The same principle holds true for any ongoing talks. It’s not as if Winston Churchill told the Allies in 1945 that the United Kingdom would withdraw from the upcoming Potsdam Conference because of its general election that summer. And it’s not as if Clement Attlee rescinded the United Kingdom’s participation in the conference after he led Labour to a parliamentary majority in that election. In any event, the 2019 edition actually kept this paragraph! So the Trudeau government clearly agrees with the Harper government that the Government of Canada should always remain an active participant in ongoing international treaty negotiations. This undoubtedly conforms to Canada’s national interest as a sovereign state. Strangely, however, the Trudeau government has not faced the same criticism from the Establishment in academia and the media for having taken exactly the same viewpoint as the Harper government four years earlier. The 2019 edition also adds in a new paragraph under “Cabinet Operations” on “Regulations” and says that “departments should not launch new regulatory initiatives, or proactively engage stakeholders on regulatory development” during the writ.[25]

Section 4, “Communications and Advertising,” of the 2019 Guidelines now refer to and incorporate the Treasury Board’s Directive on the Management of Communications, which says that the civil service should suspend all but essential advertising from 30 June onward in the year of a scheduled election.
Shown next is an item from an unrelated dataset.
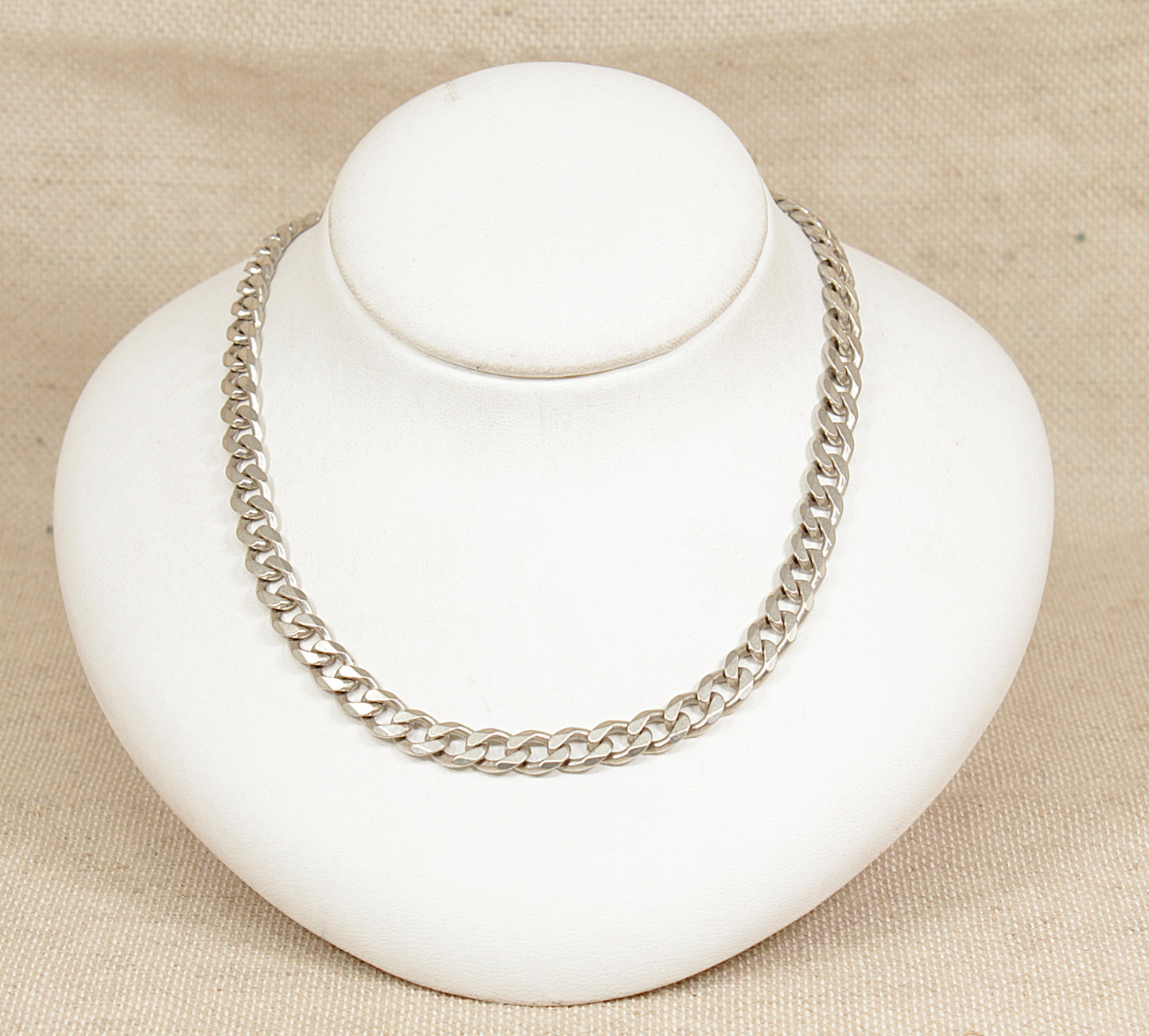 Silver chain necklace on a white bust against a beige background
The Treasury Board has issued a Directive on the Management of Communications which requires that Government of Canada advertising activities be suspended on June 30 in a year in which there is a fixed general federal election date. Exceptions may be granted for public notices for legal purposes, or for reasons of public health and safety, employment or staffing notices, or urgent business as determined by department deputy heads.
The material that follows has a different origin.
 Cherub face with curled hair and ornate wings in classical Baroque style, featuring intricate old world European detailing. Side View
In addition, as a general rule, government or departmental announcements are curtailed during an election period. Under certain circumstances, however, exceptions could be made at the discretion of a department deputy head. This would include:

  • in the case of a significant international or domestic event where the failure to have the Prime Minister or minister comment would do damage to Canadian interests or prestige;
  • announcements relating to the health and safety of Canadians;
  • public notices for legal purposes.If it is determined that an announcement must proceed it should be made in the name of the department and, as always, communications and public announcements that are prepared using government resources must not contain partisan information or identifiers.

Any department seeking to make an announcement, as approved by the deputy head, should consult with the Privy Council Office.

Finally, the 2019 edition of the Guidelines has also added a new section at the end. Section 9 incorporates the Trudeau government’s Critical Election Incident Public Protocol, which aims to mitigate any threats by foreign states and entities to Canada’s capacity to hold “a free and fair election.”[26] This addition reflects a series of developments since 2015, especially with respect to Russian and Chinese efforts to interfere in the free and fair elections in the Free World, as well as the Trudeau government’s signature legislation to broaden the authority of the Communications Security Establishment (CSE) to protect Canadian telecommunications infrastructure from cyber-attacks. Parliament passed this omnibus legislation, An Act Respecting National Security Matters, in June 2019, and the Trudeau government promulgated it into force by Order-in-Council in July 2019.[27]

The Cabinet Directive on the Critical Election Incident Public Protocol further elaborates on the Caretaker Convention:

The Cabinet Directive on the Critical Election Incident Public Protocol sets out the ministers’ expectations with respect to the general directions and the principles to guide the process for informing the public during the writ period of an incident that threatens Canada’s ability to have a free and fair election.

The Protocol is an application reflective of the caretaker convention. The caretaker convention puts into practice the principle that the government is expected to exercise restraint in its activities and “restrict itself” in matters of policy, spending and appointments during the election period, except where action is “urgent” and “in the national interest”.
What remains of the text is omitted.